Amaro aceitou a casa. E nessa mesma manhã o cônego ajustou-lhe uma criada, a Sra. Maria Vicência, pessoa muito devota, alta e magra como um pinheiro, antiga cozinheira do doutor Godinho. E (como considerou o cônego Dias) era a própria irmã da famosa Dionísia!
A Dionísia fora outrora a Dama das Camélias , a Ninon de Lenclos, a Manon de Leiria: gozara a honra de ser concubina de dois governadores civis e do terrível morgado da Sertejeira; e as paixões frenéticas que inspirara tinham sido para quase todas as mães de família de Leiria causa de lágrimas e de fanicos. Agora engomava para fora, encarregava-se de empenhar objetos, entendia muito de partos, protegia "o rico adulteriozinho" segundo a singular expressão do velho D. Luís da Barrosa, cognominado o infame, fornecia lavradeirinhas aos senhores empregados públicos, sabia toda a história amorosa do distrito. E via-se sempre na rua a Dionísia com o seu xale de xadrez traçado, o pesado seio tremendo dentro dum chambre sujo, o passinho discreto e os antigos sorrisos - mas a que faltavam já os dois dentes de diante.
O cônego logo nessa tarde deu parte à S. Joaneira da resolução de Amaro.
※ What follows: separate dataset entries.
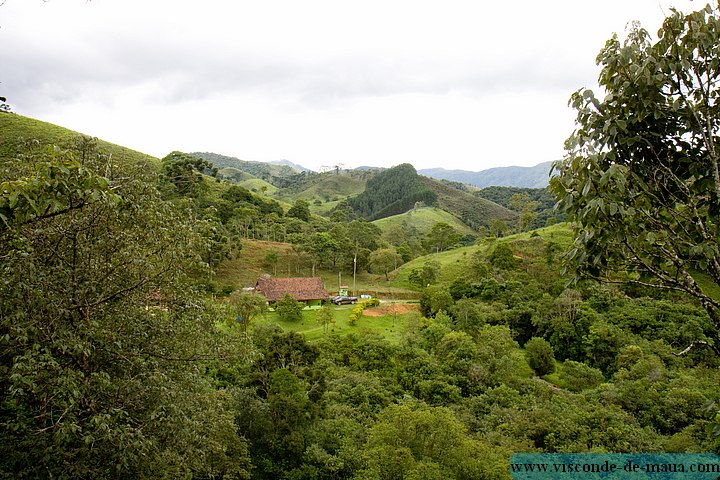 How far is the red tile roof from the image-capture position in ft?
113

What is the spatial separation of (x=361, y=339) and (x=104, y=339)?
17823 millimetres

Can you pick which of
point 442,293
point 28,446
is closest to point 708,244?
point 28,446

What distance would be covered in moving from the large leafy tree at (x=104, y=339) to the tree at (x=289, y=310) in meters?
21.1

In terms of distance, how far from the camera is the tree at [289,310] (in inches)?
1161

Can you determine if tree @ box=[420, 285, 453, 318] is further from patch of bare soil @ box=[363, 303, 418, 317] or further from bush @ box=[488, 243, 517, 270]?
bush @ box=[488, 243, 517, 270]

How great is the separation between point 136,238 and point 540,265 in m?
38.5

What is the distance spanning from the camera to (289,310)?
96.6 feet

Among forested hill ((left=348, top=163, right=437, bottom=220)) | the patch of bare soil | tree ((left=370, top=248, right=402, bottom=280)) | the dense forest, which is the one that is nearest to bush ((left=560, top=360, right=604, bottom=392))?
the dense forest

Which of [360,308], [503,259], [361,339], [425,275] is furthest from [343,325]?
[503,259]

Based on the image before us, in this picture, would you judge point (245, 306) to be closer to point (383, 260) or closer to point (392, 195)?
point (383, 260)

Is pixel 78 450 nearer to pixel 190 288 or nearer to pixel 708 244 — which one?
pixel 190 288

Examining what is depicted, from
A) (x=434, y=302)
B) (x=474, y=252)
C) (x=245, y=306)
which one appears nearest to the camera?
(x=245, y=306)

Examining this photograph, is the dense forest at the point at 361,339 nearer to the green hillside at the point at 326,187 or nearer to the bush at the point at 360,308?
the bush at the point at 360,308

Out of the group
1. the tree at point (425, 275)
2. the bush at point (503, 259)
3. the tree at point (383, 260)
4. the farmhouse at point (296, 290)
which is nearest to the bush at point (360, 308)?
the farmhouse at point (296, 290) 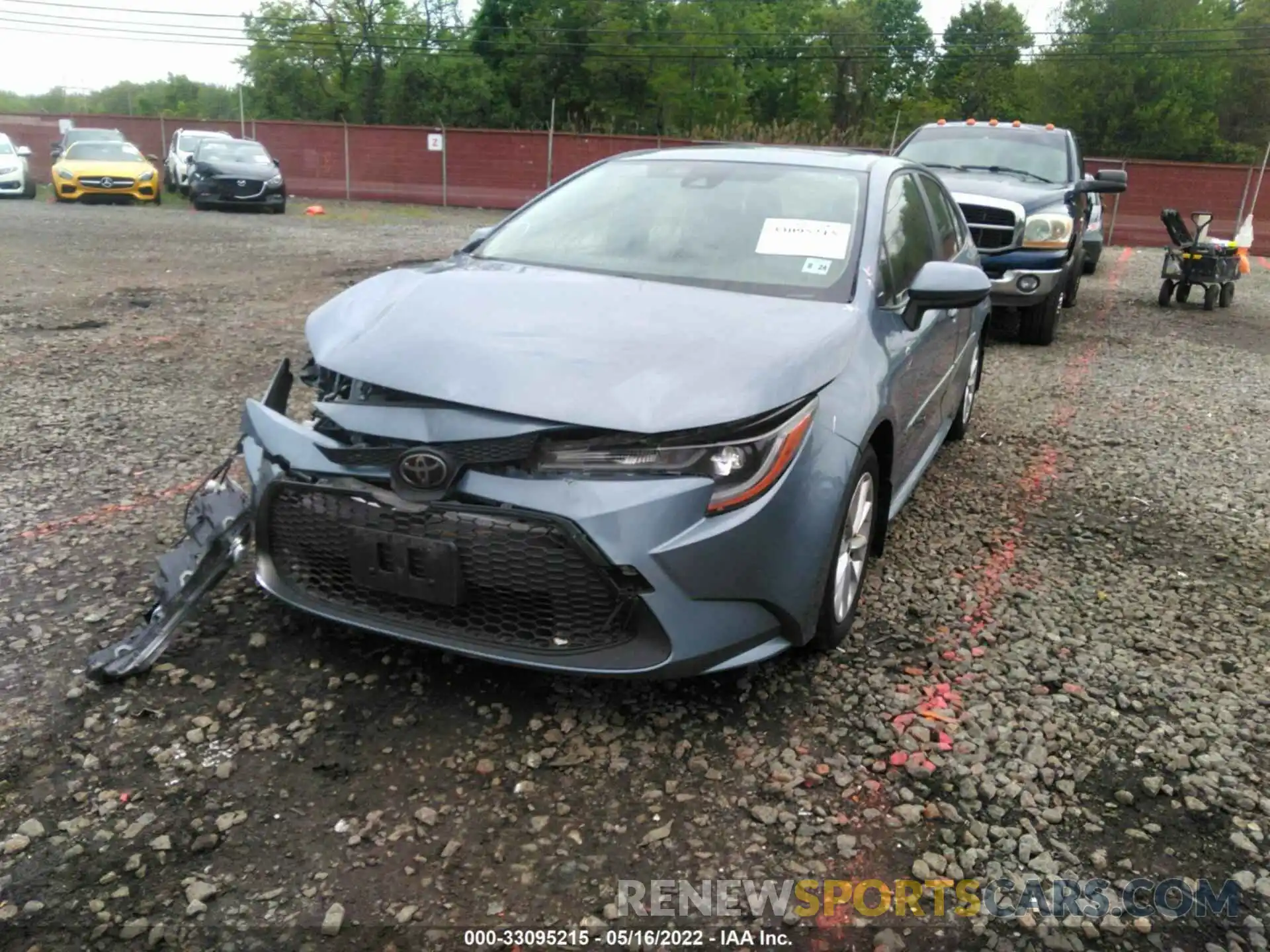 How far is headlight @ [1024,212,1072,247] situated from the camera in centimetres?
841

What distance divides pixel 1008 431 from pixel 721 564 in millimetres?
4154

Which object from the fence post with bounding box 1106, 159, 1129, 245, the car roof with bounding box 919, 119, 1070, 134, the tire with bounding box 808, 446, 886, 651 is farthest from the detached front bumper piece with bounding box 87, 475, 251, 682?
the fence post with bounding box 1106, 159, 1129, 245

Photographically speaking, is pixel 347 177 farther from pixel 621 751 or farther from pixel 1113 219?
pixel 621 751

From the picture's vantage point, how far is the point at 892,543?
426 centimetres

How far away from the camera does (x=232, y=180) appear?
19.9 meters

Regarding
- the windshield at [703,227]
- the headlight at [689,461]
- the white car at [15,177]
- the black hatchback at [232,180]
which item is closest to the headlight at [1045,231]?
the windshield at [703,227]

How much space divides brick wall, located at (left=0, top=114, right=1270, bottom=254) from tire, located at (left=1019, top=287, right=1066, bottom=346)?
1605cm

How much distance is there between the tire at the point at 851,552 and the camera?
2.93 meters

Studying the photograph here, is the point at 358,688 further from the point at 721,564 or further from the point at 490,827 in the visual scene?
the point at 721,564

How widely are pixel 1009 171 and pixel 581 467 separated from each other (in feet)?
27.7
Foi um grande espanto para a excelente senhora! Queixou-se, com amargura, da ingratidão do senhor pároco.
O cônego tossiu grosso e disse:
- Escute, senhora. Fui eu que arranjei a coisa. E eu lhe digo por quê: é que este arranjo do quarto em cima, etc., está-me a arrasar a saúde.
Deu outras razões de prudência higiênica, e acrescentou passando-lhe com bondade os dedos pelo pescoço:
- E o que é perder a conveniência, não se aflija a senhora! Eu darei para a panela como dantes; e como a colheita foi boa porei mais meia moeda para os arrebiques da pequena. Ora venha de lá uma beijoca, Augustinha, sua brejeira! E ouça, como-lhe cá as sopas.
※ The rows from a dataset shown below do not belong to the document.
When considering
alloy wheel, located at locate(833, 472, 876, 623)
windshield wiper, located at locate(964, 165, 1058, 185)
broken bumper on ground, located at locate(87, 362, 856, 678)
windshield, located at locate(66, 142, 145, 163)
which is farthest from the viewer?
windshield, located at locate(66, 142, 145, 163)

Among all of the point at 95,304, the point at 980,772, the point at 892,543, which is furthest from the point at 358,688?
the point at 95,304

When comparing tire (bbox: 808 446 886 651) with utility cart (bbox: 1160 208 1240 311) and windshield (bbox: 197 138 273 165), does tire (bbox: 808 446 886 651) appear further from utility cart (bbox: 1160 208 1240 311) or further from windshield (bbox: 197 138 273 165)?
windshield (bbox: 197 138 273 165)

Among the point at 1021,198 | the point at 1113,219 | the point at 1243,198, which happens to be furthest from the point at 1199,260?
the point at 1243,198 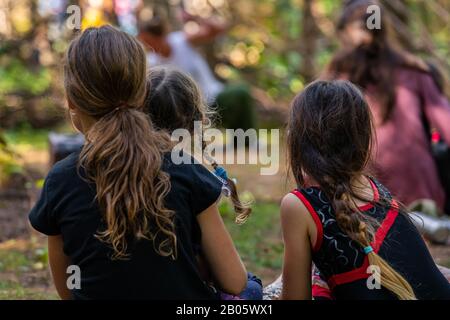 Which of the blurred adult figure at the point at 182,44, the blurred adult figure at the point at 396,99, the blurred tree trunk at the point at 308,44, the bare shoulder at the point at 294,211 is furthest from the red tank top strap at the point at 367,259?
the blurred tree trunk at the point at 308,44

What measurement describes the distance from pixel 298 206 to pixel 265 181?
159 inches

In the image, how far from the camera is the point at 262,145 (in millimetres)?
7383

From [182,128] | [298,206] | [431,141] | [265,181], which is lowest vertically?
[265,181]

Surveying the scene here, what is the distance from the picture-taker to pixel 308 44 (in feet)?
29.1

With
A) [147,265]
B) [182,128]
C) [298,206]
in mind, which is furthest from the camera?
[182,128]

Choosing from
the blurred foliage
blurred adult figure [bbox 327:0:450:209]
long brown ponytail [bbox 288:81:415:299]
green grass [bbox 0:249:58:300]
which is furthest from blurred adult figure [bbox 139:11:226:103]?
long brown ponytail [bbox 288:81:415:299]

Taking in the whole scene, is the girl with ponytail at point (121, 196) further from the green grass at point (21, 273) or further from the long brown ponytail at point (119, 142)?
the green grass at point (21, 273)

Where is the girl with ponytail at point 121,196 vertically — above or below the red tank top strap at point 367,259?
above

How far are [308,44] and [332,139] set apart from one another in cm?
672

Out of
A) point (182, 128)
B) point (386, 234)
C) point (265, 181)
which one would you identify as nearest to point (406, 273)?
point (386, 234)

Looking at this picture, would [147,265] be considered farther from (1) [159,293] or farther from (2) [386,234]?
(2) [386,234]

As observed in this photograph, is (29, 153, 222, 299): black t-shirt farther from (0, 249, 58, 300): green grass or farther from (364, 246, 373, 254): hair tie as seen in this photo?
(0, 249, 58, 300): green grass

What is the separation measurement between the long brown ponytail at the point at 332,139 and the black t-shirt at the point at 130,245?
35cm

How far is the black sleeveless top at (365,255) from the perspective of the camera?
2.20 meters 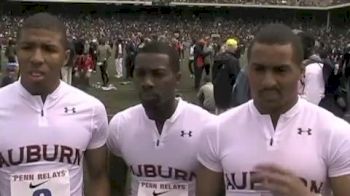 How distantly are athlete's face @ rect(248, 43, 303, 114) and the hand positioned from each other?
2.04ft

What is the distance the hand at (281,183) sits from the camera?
329 cm

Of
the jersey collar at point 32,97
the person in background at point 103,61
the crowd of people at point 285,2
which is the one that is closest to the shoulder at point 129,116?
the jersey collar at point 32,97

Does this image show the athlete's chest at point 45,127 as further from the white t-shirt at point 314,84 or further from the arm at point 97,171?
the white t-shirt at point 314,84

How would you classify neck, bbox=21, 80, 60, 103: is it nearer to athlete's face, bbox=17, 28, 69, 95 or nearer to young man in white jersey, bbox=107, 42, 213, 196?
athlete's face, bbox=17, 28, 69, 95

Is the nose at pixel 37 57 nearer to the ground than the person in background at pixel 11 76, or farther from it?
farther from it

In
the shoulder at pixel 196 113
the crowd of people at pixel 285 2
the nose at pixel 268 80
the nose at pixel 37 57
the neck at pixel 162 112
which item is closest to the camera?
the nose at pixel 268 80

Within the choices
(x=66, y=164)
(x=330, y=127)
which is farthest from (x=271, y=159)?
(x=66, y=164)

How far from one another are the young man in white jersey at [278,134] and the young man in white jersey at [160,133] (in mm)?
614

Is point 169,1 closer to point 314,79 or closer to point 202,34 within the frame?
point 202,34

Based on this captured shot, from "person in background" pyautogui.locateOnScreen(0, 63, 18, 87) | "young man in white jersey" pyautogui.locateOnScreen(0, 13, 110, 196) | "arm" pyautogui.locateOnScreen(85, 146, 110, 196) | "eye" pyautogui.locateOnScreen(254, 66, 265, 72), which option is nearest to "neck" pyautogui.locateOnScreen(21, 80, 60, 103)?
"young man in white jersey" pyautogui.locateOnScreen(0, 13, 110, 196)

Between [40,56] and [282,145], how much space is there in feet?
4.67

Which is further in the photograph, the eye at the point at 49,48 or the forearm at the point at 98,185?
the forearm at the point at 98,185

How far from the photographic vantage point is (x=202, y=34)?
68.6 metres

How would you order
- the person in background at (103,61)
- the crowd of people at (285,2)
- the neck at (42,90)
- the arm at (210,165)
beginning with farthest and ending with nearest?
the crowd of people at (285,2), the person in background at (103,61), the neck at (42,90), the arm at (210,165) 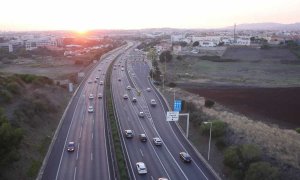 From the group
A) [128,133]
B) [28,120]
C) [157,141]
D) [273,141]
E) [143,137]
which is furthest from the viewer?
[28,120]

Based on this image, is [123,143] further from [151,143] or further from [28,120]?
[28,120]

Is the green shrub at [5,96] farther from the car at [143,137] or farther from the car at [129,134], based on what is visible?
the car at [143,137]

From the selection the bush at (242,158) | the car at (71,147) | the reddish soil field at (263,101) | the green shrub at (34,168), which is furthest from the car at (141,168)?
the reddish soil field at (263,101)

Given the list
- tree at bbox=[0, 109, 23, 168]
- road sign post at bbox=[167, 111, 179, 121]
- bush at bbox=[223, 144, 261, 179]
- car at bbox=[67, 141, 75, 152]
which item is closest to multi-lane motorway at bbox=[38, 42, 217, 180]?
car at bbox=[67, 141, 75, 152]

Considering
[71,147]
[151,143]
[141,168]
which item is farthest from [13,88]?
[141,168]

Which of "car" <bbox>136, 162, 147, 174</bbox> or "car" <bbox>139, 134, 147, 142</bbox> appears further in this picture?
"car" <bbox>139, 134, 147, 142</bbox>

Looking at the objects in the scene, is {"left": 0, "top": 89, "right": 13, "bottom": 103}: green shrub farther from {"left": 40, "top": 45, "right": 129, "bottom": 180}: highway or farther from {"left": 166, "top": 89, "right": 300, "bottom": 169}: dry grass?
{"left": 166, "top": 89, "right": 300, "bottom": 169}: dry grass

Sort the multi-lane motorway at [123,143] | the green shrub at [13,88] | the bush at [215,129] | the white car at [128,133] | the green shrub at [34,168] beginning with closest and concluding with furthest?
the green shrub at [34,168] → the multi-lane motorway at [123,143] → the bush at [215,129] → the white car at [128,133] → the green shrub at [13,88] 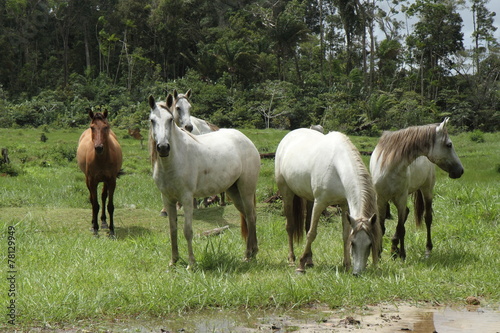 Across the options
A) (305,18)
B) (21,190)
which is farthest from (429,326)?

Amaro no entanto embaixo ia emalando a sua roupa. Mas a cada momento parava, dava um ai triste, ficava a olhar em redor o quarto, a cama fofa, a mesa com a sua toalha branca, a larga cadeira forrada de chita onde ele lia o Breviário, ouvindo, por cima, cantarolar Amélia.
- Nunca mais! pensava. Nunca mais!
Adeus as boas manhãs passadas ao pé dela, vendo-a costurar! Adeus as alegres sobremesas, que se prolongavam à luz do candeeiro! Adeus os chás, ao pé da braseira, quando o vento uivava fora e cantavam as frias goteiras! Tudo tinha acabado!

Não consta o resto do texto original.